### [Records for processing]

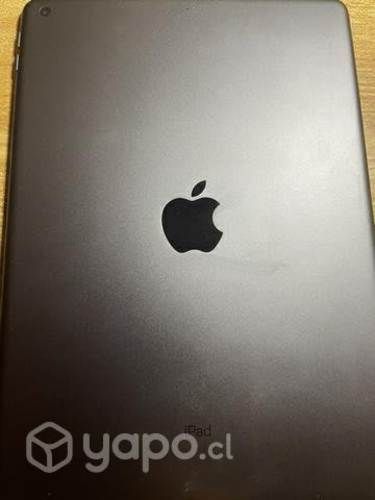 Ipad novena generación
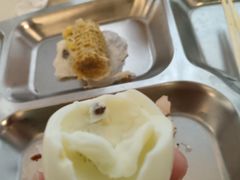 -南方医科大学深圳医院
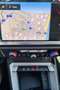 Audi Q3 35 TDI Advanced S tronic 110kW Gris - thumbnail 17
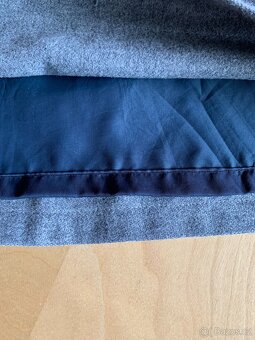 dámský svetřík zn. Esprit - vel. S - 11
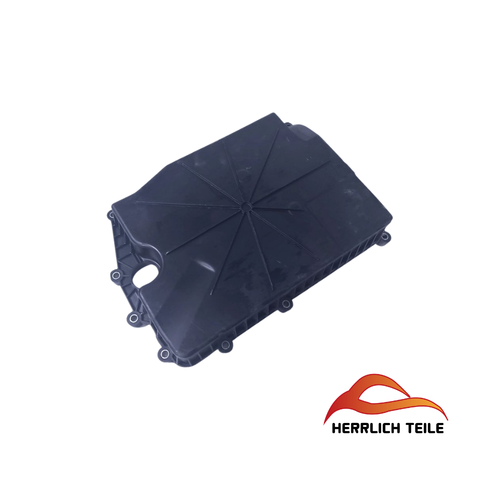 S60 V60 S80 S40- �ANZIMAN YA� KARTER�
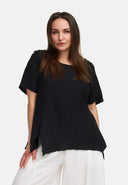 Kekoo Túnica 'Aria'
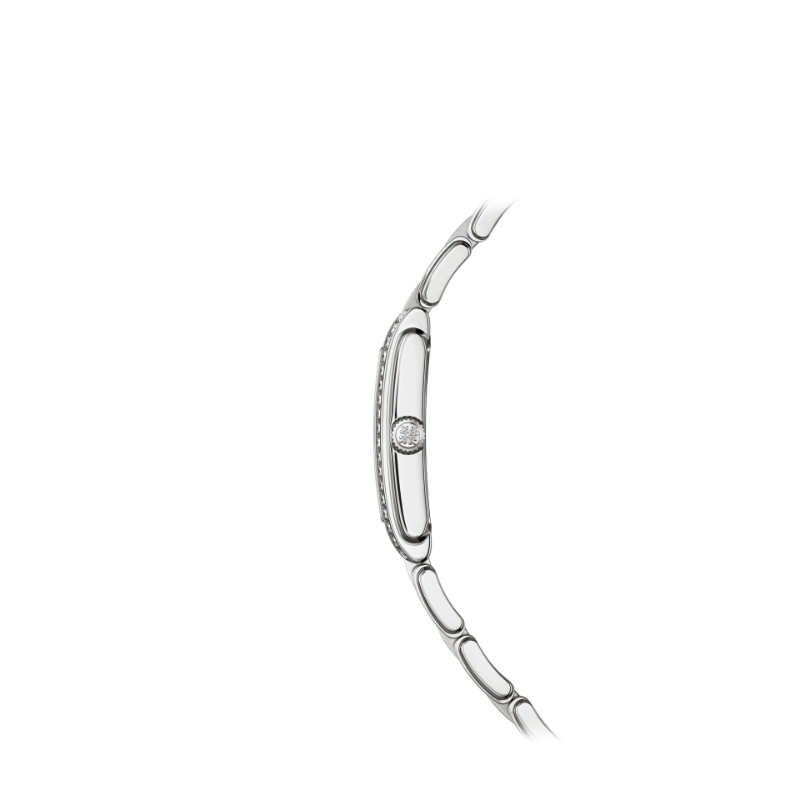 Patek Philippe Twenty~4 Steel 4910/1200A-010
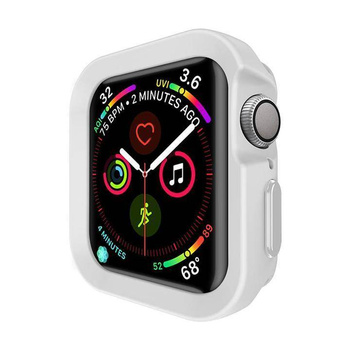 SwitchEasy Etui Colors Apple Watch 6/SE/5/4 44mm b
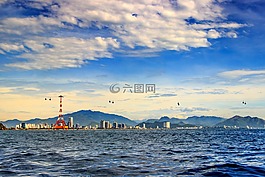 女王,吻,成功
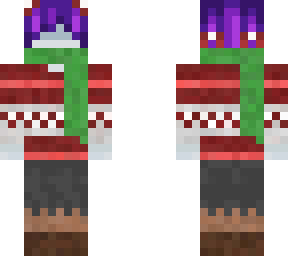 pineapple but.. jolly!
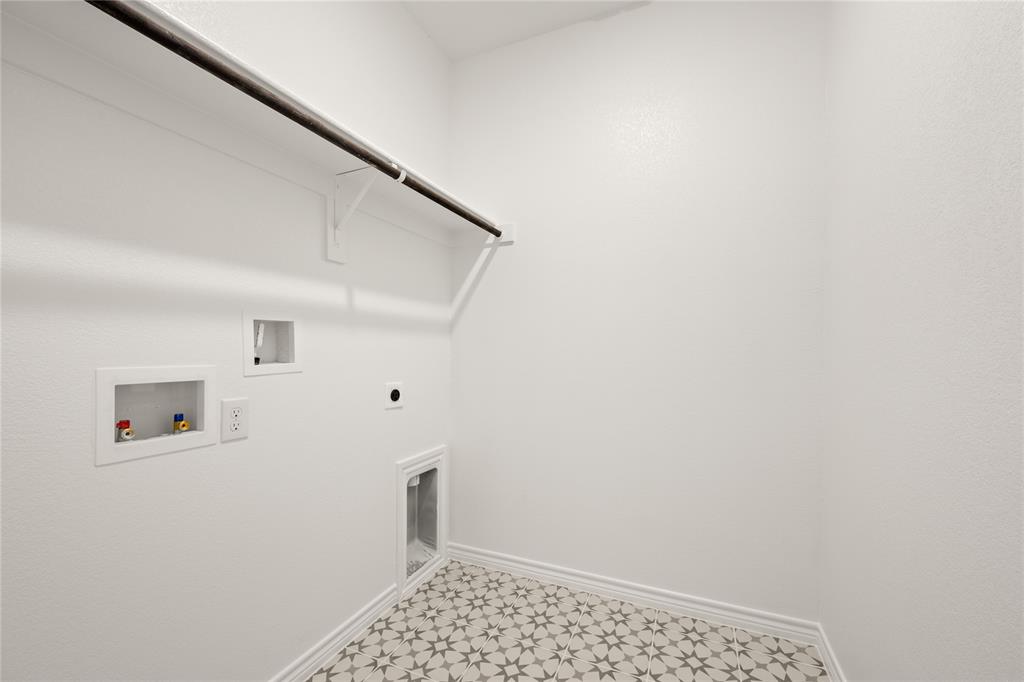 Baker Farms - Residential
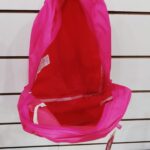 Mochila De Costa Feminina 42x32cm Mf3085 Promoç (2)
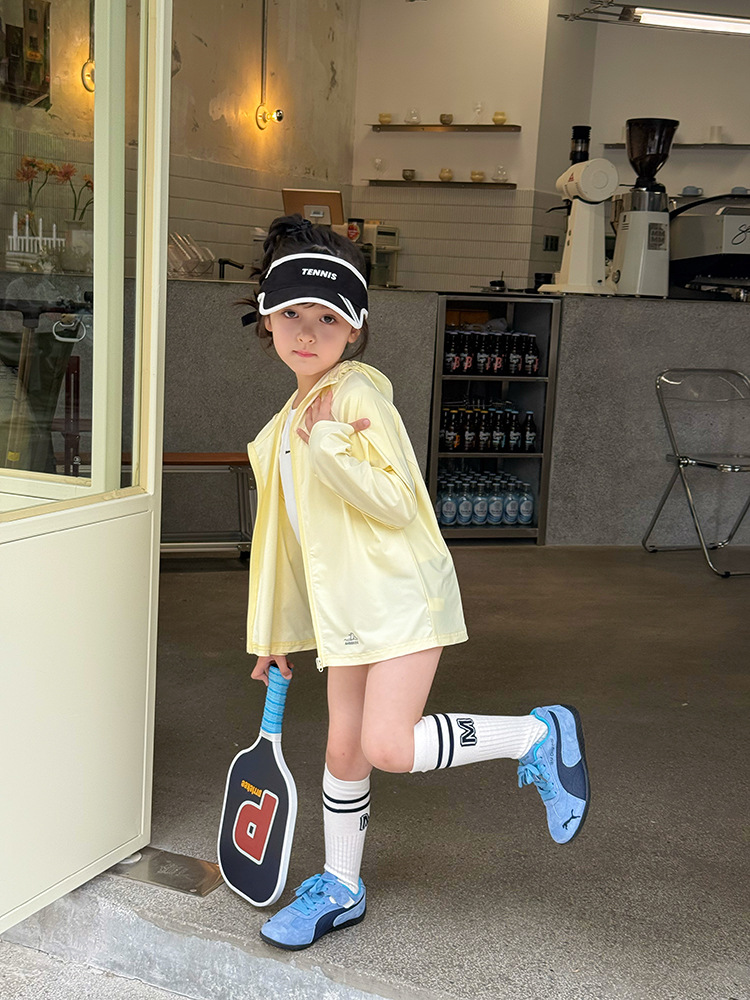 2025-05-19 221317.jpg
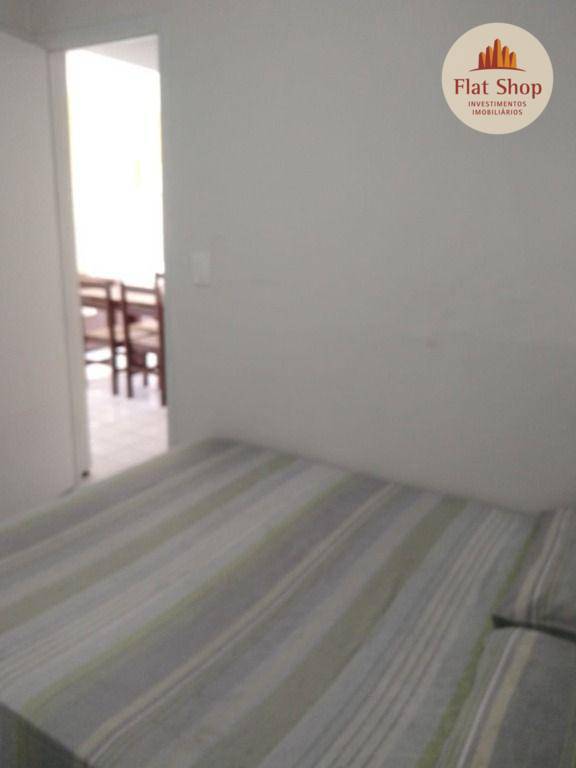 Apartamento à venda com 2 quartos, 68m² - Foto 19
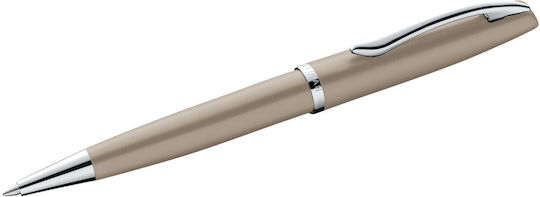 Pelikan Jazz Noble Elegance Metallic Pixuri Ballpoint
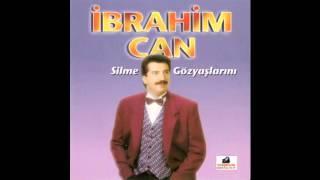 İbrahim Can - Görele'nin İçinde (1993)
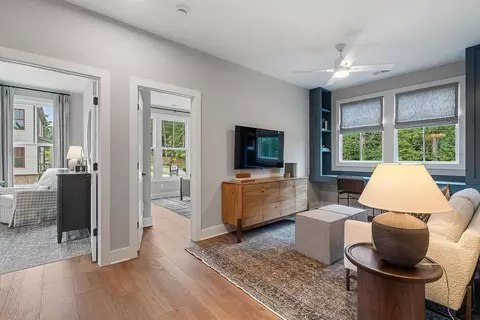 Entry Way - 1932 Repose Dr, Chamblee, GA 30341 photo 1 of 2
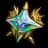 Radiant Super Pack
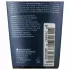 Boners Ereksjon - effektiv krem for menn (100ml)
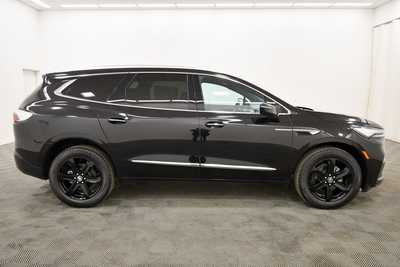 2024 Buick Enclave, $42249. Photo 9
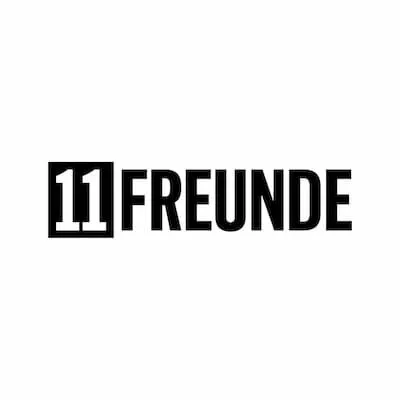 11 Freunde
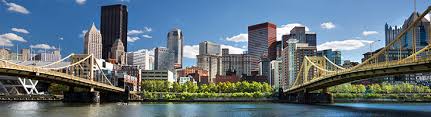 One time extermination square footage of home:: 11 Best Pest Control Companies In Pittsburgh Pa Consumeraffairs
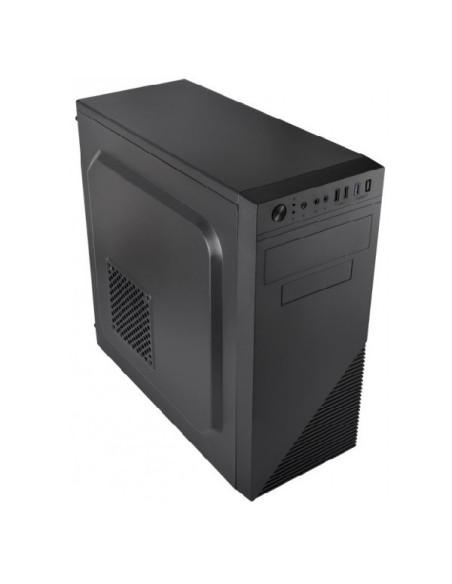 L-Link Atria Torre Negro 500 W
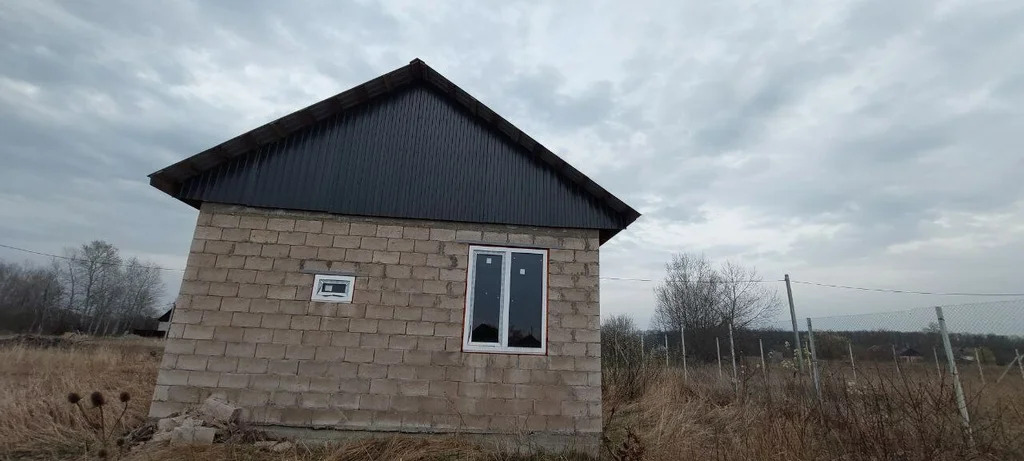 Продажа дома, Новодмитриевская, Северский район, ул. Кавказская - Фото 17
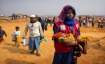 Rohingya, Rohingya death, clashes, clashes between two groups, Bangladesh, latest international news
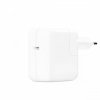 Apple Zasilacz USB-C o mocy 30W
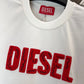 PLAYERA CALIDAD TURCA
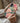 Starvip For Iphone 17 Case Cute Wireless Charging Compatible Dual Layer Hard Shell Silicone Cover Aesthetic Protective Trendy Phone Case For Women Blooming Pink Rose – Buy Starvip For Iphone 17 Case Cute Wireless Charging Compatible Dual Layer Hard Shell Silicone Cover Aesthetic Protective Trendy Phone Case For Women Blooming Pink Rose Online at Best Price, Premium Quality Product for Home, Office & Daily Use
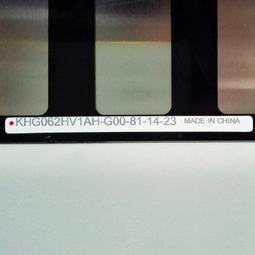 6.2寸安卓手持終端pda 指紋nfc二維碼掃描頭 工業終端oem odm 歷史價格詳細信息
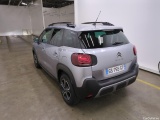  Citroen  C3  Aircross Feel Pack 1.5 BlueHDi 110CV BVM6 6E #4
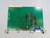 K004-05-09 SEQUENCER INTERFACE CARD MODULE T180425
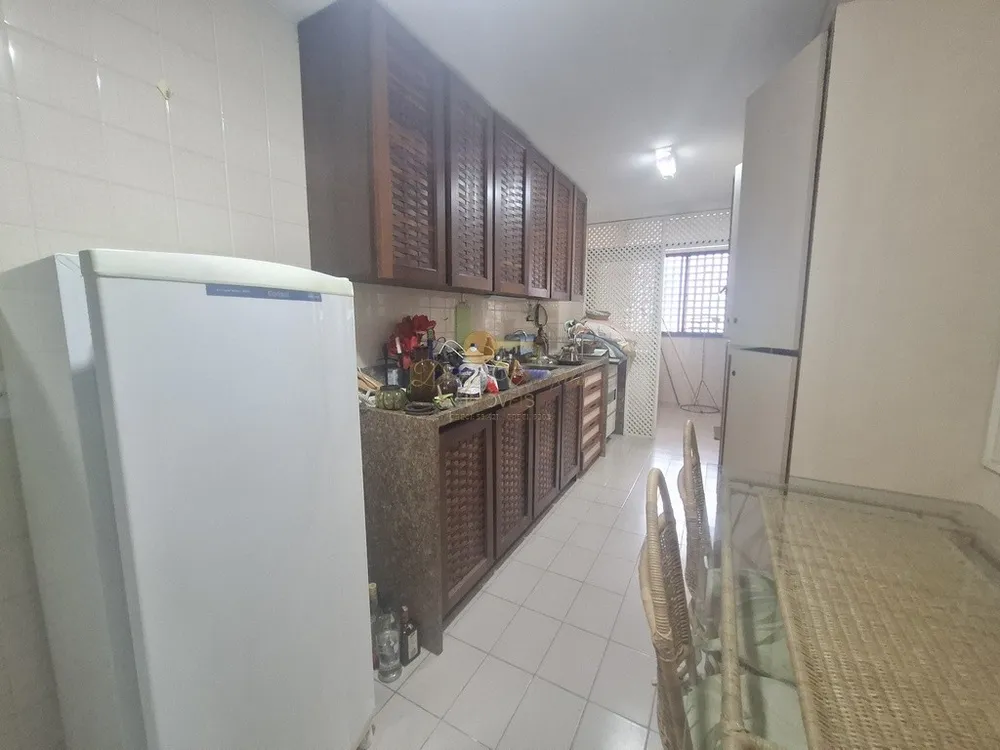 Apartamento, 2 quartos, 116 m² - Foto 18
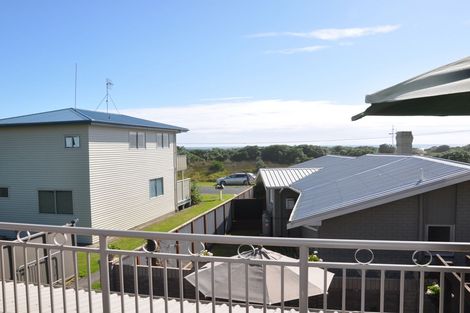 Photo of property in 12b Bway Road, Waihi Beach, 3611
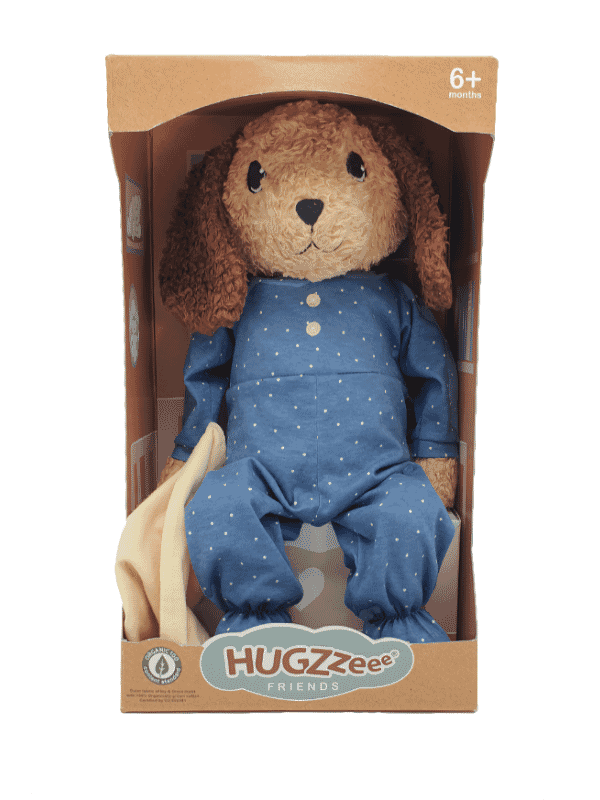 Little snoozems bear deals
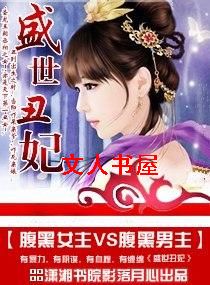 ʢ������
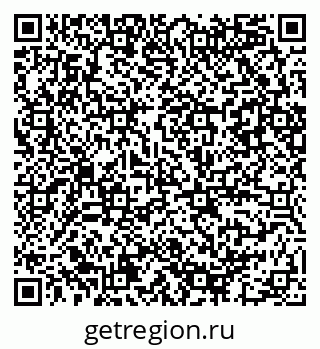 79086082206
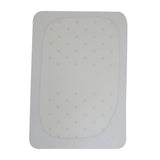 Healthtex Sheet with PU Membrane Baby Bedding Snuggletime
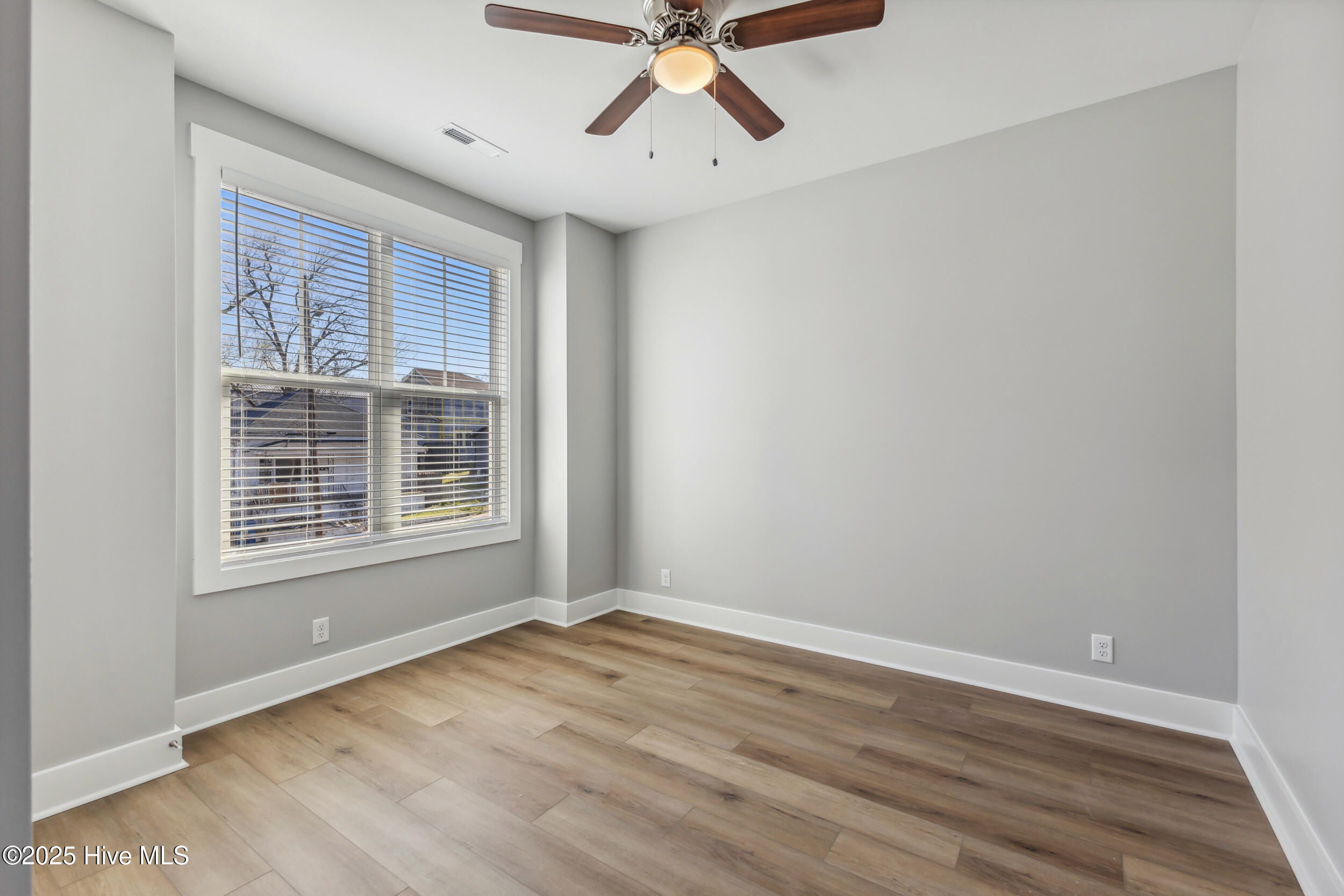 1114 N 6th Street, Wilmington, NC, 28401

### [To do]
Leaving out every picture, transcribe exactly the lines from the line that contains "PLAYERA CALIDAD TURCA" through the final line of the entries above.

### [Task answer]
 PLAYERA CALIDAD TURCA
 Starvip For Iphone 17 Case Cute Wireless Charging Compatible Dual Layer Hard Shell Silicone Cover Aesthetic Protective Trendy Phone Case For Women Blooming Pink Rose – Buy Starvip For Iphone 17 Case Cute Wireless Charging Compatible Dual Layer Hard Shell Silicone Cover Aesthetic Protective Trendy Phone Case For Women Blooming Pink Rose Online at Best Price, Premium Quality Product for Home, Office & Daily Use
 6.2寸安卓手持終端pda 指紋nfc二維碼掃描頭 工業終端oem odm 歷史價格詳細信息
  Citroen  C3  Aircross Feel Pack 1.5 BlueHDi 110CV BVM6 6E #4
 K004-05-09 SEQUENCER INTERFACE CARD MODULE T180425
 Apartamento, 2 quartos, 116 m² - Foto 18
 Photo of property in 12b Bway Road, Waihi Beach, 3611
 Little snoozems bear deals
 ʢ������
 79086082206
 Healthtex Sheet with PU Membrane Baby Bedding Snuggletime
 1114 N 6th Street, Wilmington, NC, 28401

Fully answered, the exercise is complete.